Items from a dataset
----------
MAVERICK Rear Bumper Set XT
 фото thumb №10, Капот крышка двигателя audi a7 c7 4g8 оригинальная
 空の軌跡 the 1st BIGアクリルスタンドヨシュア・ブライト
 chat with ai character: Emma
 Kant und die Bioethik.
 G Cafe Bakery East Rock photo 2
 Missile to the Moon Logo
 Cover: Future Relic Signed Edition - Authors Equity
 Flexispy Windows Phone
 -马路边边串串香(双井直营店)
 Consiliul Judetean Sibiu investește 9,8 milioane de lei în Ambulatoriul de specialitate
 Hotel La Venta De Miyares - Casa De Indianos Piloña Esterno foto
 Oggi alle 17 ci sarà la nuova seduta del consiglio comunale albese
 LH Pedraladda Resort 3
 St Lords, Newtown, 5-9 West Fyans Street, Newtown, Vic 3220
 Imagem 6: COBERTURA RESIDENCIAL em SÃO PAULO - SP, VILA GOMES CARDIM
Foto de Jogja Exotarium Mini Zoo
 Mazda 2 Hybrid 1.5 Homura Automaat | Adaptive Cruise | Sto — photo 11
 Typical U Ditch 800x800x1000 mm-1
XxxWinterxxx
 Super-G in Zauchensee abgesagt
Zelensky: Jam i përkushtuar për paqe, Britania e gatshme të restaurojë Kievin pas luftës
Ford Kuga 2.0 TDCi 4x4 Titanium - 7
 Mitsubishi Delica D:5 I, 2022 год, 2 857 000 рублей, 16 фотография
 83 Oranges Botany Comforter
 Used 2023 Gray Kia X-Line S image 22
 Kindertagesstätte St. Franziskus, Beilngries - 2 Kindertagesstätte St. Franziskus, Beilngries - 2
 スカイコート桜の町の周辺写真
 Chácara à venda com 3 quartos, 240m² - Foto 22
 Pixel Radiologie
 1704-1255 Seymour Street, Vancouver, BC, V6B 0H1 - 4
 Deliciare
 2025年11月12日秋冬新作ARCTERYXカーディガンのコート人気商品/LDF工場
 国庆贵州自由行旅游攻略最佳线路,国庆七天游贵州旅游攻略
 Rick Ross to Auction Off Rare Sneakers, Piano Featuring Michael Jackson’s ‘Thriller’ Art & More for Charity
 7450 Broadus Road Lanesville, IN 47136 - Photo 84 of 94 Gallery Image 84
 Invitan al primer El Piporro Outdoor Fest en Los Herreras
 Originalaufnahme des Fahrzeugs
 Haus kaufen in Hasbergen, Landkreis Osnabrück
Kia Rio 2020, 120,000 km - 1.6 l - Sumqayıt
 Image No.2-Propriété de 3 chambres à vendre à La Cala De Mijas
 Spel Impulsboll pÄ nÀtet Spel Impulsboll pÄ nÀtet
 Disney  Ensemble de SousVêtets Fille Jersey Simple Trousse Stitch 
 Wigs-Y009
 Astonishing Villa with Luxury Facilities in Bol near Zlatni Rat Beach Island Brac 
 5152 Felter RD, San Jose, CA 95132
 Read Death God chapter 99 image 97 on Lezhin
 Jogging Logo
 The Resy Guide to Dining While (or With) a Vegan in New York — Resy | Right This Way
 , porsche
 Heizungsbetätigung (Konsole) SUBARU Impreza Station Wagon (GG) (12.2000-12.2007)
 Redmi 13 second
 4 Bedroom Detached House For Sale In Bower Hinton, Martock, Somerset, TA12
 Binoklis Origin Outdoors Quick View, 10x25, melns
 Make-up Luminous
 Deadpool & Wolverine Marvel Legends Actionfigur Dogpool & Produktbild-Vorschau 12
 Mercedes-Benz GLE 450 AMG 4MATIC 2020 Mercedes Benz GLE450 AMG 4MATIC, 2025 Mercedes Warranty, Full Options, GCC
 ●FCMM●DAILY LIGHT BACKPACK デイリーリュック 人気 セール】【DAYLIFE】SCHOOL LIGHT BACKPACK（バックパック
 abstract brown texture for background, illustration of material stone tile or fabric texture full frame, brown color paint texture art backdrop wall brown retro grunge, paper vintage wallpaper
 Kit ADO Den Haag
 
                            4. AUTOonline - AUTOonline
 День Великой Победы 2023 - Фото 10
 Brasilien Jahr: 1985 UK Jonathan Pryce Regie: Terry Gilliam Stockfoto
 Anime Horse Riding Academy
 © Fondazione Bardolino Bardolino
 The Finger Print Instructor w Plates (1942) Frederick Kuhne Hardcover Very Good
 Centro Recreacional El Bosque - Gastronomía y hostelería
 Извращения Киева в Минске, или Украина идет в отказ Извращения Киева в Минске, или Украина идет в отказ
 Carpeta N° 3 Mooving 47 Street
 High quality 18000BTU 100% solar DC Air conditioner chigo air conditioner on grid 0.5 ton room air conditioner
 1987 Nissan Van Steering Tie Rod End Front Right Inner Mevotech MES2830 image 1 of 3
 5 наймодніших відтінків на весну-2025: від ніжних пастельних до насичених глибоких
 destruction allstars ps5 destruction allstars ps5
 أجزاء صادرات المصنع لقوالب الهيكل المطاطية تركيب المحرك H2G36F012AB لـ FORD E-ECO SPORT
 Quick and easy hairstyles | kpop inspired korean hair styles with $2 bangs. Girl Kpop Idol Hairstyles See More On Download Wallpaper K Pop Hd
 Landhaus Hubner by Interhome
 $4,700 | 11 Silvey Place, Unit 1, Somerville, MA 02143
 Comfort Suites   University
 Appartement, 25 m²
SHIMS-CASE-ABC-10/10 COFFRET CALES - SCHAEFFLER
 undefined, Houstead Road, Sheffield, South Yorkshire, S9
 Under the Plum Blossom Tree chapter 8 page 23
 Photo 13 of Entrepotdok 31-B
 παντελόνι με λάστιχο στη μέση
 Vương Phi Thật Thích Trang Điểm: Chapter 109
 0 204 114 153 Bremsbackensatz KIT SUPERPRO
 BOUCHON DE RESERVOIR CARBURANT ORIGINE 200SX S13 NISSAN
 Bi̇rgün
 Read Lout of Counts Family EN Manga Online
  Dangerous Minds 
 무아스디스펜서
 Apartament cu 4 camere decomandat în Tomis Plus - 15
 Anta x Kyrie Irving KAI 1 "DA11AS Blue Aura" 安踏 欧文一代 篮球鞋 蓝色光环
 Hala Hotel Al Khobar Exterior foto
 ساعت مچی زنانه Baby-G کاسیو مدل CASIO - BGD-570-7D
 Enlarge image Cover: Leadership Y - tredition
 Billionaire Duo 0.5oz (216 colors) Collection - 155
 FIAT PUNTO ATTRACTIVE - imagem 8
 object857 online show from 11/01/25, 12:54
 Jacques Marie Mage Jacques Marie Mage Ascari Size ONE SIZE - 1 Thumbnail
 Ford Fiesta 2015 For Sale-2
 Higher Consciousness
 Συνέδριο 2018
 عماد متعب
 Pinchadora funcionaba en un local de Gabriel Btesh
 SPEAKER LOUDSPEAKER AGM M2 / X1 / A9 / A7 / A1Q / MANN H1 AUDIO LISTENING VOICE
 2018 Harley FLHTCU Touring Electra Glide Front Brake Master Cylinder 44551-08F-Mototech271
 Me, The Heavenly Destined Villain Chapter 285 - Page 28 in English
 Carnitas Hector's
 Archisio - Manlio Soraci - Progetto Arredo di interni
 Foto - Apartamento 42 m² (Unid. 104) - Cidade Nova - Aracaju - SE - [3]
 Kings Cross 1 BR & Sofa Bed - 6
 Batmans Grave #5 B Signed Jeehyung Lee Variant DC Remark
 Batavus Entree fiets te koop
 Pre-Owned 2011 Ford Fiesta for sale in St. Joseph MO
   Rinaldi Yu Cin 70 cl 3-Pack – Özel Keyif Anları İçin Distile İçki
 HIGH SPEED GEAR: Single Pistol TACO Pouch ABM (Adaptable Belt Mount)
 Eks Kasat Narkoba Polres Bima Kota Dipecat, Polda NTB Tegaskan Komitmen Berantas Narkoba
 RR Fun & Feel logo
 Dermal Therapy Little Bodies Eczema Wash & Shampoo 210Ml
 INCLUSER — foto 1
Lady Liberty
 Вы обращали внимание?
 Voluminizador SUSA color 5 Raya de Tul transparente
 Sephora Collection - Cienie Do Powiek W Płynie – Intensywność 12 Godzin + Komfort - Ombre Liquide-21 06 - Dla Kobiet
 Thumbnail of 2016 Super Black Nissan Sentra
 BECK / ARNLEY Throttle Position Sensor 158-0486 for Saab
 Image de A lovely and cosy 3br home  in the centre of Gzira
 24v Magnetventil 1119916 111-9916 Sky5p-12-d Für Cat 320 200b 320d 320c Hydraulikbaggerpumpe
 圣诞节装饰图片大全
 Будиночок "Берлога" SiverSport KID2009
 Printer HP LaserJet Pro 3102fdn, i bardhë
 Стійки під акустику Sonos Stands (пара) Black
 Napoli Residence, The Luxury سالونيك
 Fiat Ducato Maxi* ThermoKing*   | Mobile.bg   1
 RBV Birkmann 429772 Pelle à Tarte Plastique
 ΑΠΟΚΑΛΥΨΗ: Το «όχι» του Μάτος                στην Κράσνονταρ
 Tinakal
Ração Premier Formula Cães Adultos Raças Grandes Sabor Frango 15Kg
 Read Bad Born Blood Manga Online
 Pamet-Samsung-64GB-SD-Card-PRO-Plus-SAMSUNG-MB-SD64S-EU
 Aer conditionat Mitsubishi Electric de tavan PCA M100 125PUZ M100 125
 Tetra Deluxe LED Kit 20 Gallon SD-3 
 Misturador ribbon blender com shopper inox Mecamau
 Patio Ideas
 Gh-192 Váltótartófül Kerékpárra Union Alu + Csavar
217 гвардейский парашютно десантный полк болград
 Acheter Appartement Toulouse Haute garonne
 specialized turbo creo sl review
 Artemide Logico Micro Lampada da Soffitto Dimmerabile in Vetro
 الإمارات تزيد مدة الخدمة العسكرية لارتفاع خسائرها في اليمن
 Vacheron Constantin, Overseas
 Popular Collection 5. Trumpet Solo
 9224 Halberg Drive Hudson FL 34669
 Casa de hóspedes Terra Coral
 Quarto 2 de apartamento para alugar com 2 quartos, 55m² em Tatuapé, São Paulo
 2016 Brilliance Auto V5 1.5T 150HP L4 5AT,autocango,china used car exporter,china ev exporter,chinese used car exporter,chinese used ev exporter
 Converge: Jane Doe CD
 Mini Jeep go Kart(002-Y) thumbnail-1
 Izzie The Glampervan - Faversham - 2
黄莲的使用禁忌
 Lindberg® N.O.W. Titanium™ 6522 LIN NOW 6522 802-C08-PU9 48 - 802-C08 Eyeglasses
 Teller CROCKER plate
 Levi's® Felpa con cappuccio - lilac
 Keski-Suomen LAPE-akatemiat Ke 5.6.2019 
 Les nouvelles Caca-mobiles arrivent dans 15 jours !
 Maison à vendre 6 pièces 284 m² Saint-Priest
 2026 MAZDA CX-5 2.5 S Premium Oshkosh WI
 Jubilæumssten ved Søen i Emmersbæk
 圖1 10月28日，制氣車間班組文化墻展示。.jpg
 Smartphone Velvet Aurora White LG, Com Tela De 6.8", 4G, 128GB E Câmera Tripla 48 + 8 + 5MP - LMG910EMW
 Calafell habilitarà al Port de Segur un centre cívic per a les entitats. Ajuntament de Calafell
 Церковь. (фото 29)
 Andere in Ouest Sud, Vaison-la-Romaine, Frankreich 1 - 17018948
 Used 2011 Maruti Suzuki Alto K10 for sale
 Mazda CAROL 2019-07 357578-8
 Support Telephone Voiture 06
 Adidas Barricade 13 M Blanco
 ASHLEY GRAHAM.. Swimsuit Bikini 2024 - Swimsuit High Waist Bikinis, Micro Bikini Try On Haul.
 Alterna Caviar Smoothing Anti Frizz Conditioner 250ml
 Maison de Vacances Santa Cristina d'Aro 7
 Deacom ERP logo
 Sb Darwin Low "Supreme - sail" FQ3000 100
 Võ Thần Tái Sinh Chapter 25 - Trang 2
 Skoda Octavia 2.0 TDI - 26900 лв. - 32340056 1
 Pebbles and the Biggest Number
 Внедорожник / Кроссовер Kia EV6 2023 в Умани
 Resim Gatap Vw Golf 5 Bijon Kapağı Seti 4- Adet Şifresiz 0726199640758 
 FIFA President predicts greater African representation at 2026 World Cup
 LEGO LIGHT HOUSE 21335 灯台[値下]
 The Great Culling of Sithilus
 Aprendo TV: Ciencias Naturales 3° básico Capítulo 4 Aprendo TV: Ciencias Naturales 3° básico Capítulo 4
----------
Could you restate word for word the lines above from the one containing "Vacheron Constantin, Overseas" through the one containing "Церковь. (фото 29)", both included, and nothing else?

COMPLETED EXERCISE:
 Vacheron Constantin, Overseas
 Popular Collection 5. Trumpet Solo
 9224 Halberg Drive Hudson FL 34669
 Casa de hóspedes Terra Coral
 Quarto 2 de apartamento para alugar com 2 quartos, 55m² em Tatuapé, São Paulo
 2016 Brilliance Auto V5 1.5T 150HP L4 5AT,autocango,china used car exporter,china ev exporter,chinese used car exporter,chinese used ev exporter
 Converge: Jane Doe CD
 Mini Jeep go Kart(002-Y) thumbnail-1
 Izzie The Glampervan - Faversham - 2
黄莲的使用禁忌
 Lindberg® N.O.W. Titanium™ 6522 LIN NOW 6522 802-C08-PU9 48 - 802-C08 Eyeglasses
 Teller CROCKER plate
 Levi's® Felpa con cappuccio - lilac
 Keski-Suomen LAPE-akatemiat Ke 5.6.2019 
 Les nouvelles Caca-mobiles arrivent dans 15 jours !
 Maison à vendre 6 pièces 284 m² Saint-Priest
 2026 MAZDA CX-5 2.5 S Premium Oshkosh WI
 Jubilæumssten ved Søen i Emmersbæk
 圖1 10月28日，制氣車間班組文化墻展示。.jpg
 Smartphone Velvet Aurora White LG, Com Tela De 6.8", 4G, 128GB E Câmera Tripla 48 + 8 + 5MP - LMG910EMW
 Calafell habilitarà al Port de Segur un centre cívic per a les entitats. Ajuntament de Calafell
 Церковь. (фото 29)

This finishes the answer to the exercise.